Contaminated wells should be treated forthwith to increase the water supply and prevent the spread of pollution, the report recommended.
At the press conference, Bein said the handling of the water economy was an example of a system-wide failure to make decisions. To correct the process, the government should give whatever funding the Water Authority needed to complete drawing up its master plan. The Water Authority cannot complete the process without significantly more money, according to the report.

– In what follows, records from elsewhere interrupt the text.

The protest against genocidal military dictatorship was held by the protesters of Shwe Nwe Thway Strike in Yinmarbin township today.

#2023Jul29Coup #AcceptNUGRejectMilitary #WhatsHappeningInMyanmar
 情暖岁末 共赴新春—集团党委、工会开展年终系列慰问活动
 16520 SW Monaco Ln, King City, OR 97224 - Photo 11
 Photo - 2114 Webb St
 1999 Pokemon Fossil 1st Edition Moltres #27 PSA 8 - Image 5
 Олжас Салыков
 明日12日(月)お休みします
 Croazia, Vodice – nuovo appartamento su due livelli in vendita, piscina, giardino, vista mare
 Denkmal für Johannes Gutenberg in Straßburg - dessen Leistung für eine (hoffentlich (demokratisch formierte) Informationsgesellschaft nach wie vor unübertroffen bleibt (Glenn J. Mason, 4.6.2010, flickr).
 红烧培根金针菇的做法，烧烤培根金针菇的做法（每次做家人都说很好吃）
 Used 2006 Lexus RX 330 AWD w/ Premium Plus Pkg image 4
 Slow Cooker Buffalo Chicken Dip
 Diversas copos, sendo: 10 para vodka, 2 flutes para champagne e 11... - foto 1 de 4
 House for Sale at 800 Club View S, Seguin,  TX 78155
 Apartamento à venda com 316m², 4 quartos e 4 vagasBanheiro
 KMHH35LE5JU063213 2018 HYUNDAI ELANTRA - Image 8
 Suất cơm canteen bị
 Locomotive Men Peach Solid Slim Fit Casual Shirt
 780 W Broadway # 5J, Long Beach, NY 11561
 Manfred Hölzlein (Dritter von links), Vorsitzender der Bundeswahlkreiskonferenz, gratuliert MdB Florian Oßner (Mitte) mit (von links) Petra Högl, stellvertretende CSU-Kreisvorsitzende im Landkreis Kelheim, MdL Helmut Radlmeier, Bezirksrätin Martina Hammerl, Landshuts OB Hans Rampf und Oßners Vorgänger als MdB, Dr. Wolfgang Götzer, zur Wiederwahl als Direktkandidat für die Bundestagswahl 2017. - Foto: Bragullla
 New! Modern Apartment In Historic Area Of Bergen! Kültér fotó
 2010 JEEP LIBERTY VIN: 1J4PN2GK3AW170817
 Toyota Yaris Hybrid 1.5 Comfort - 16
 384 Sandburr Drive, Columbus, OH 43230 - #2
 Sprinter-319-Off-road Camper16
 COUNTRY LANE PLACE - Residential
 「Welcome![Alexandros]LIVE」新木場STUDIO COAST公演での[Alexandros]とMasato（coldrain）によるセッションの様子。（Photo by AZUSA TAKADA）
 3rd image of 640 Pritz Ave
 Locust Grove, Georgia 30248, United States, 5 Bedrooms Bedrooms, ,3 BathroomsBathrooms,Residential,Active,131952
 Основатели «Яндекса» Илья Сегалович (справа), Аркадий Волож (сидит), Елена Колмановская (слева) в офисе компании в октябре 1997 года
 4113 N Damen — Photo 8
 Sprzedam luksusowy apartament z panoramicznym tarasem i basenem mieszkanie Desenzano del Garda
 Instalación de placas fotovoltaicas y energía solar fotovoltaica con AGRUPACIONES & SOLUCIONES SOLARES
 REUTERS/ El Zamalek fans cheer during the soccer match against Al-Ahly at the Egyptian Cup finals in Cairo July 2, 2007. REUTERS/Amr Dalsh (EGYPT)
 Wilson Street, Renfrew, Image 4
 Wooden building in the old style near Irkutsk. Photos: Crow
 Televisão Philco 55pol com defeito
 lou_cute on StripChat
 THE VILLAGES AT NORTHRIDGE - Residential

A master plan was critical for managing water resources and making decisions, the authors wrote. So much so, that the committee made one of its few recommendations for institutional and structural change on this issue. Two out of three committee members suggested creating a council, similar in structure to the National Security Council, to draw up goals and coordinate between the government and the Water Authority on water policy. The council would submit strategic goals to the government for approval and would receive and critique the master plans from the Water Authority. Such a staff would provide the policy expertise on water issues that the ministers did not have time to acquire and take policy decisions out of the professionals’ hands who were supposed to implement it.
The other structural change the report’s authors urged was the creation of state prosecutors specifically for water issues. Or, alternatively, training existing prosecutors so that they were more familiar with the water regulations. Too few administrative orders and cleanup orders had been issued, they wrote, to force polluters to clean up contaminated water.
While the Water Law of 1959 was a good law for its time, it is in serious need of an overhaul, according to the report. Responsibilities are scattered across ministries and regulations scattered across the body of legislation. A new codex should be drawn up to replace the Water Law.
Conflicts over authority also hampered cleaning up contamination, the report noted. Turf wars between the Environmental Protection Ministry and the Water Authority must be resolved immediately.
The Hydrological Service should also be removed from the Water Authority’s control to ensure its professional impartiality in reporting precipitation and forecasting, according to the report.
Finally, the Water Council of the Water Authority should be slightly adjusted. The Water Authority head should not be the chairman of the council, since that represented a conflict of interests. The head should have a seat on the council but a public personage not employed by the authority should sit as its chairman. In addition, a representative of the Health Ministry should sit on the council since the ministry was responsible for water quality, Bein and his colleagues concluded.
Bein, Avnimelech and Kislev also called on the Water Authority to
involve the public as much as possible and to implement policy in as
transparent a manner as possible. The committee’s interim report
focused on the lack of transparency and public involvement in the
creation of the drought levy that it concluded led to the levy’s demise.
Reactions from the Water Authority and the Treasury were mild. The
Water Authority said the “transformative revolution was at its peak,”
and both pointed to the end of the water crisis by 2013 as a result of
the desalination plants as proof that even if they had been on the
wrong track in the past, they were on the right one now.
National Infrastructures Minister Uzi Landau (Israel Beiteinu) has
called a press conference for Thursday morning to respond to the report.